In addition to being sensitive to climate, plants can respond directly to changes in ambient CO2 through two important mechanisms. Increases in CO2 can stimulate photosynthesis, especially in C3 species whose photosynthetic metabolism is not CO2- saturated at present atmospheric concentrations. Secondly, CO2 induces stomatal closure in almost all herbaceous species. In many cases, plant responses to CO2 and temperature are oppositional. For instance, while warmer temperatures would presumably favor warm-season, C4 species , rising CO2 should benefit C3 species due to their greater photosynthetic sensitivity to CO2. Or, while rising temperature leads to desiccation, rising atmospheric CO2 has the opposite effect of improving soil water content through reduced canopy transpiration. The Prairie Heating and CO2 Enrichment (PHACE) experiment evaluates the interactive effects of elevated temperature ([1.5/3.0 ºC warmer day/night]) and rising CO2 (ambient [385 ppm], and [600 ppm] CO2) on the ecology of the semiarid northern mixed grass prairie near Cheyenne, WY, USA. Aboveground net primary production (ANPP) was estimated from biomass harvests conducted near the time of peak biomass in late July each year, and root biomass was determined at the same time from soil cores.
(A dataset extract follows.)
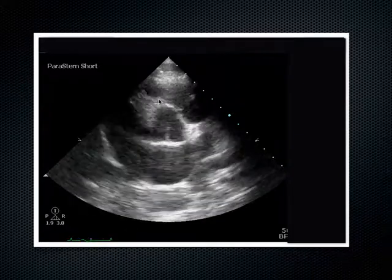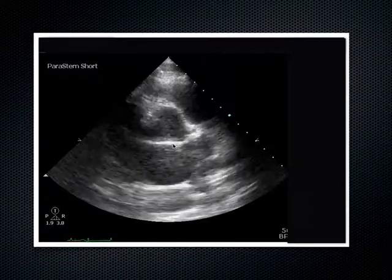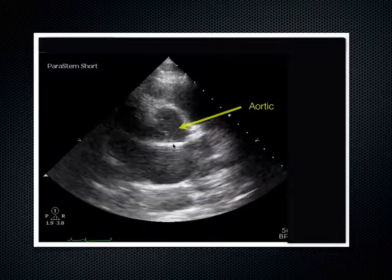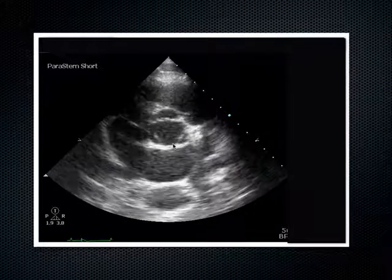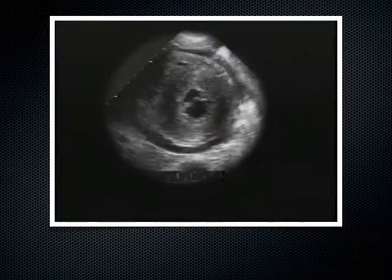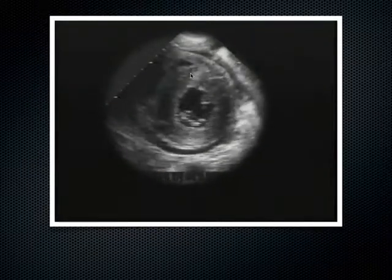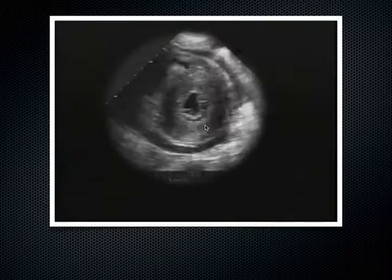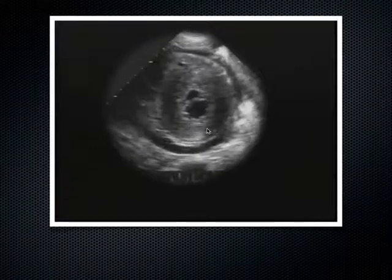Here's an example of a thickened left ventricular wall in the parasternal short axis, with the mitral valve fish mouth view bouncing up and down. The left ventricle and a portion of the right ventricle are visible in this view.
Soil water content was monitored continuously to 80 cm depth (EnviroSMART probe, Sentek Sensor Technologies, Stepney, Australia). Results are presented for 2006 (CO2 enrichment alone), and 2007-2009 (CO2 enrichment plus warming).
Results/Conclusions
As predicted, warming resulted in significant reductions in soil water content while CO2 had the opposite effect of enhancing soil water, relative to that observed in control plots. ANPP was unaffected by warming, but warming enhanced C4 perennial grass production, most notably by 23% in 2009 when precipitation was 20% above average. In contrast, CO2 consistently enhanced ANPP an average 34% in 2006-2008, but was insensitive to CO2 in 2009. Aboveground biomass of C3 grasses responded more to CO2 than C4 grasses. Few CO2 by temperature interactions were observed within years except for root biomass in the top 5 cm of the soil profile, where warming decreased root biomass under present ambient CO2, but significantly increased it at 600 ppm CO2. Different treatment sensitivities between wet and dry years suggest that plant responses to CO2 and temperature were strongly influenced by soil water content. The results illustrate the need to consider the counteractive effects of CO2 in warming experiments as well as in paleoecological understanding of plant community responses to climate change.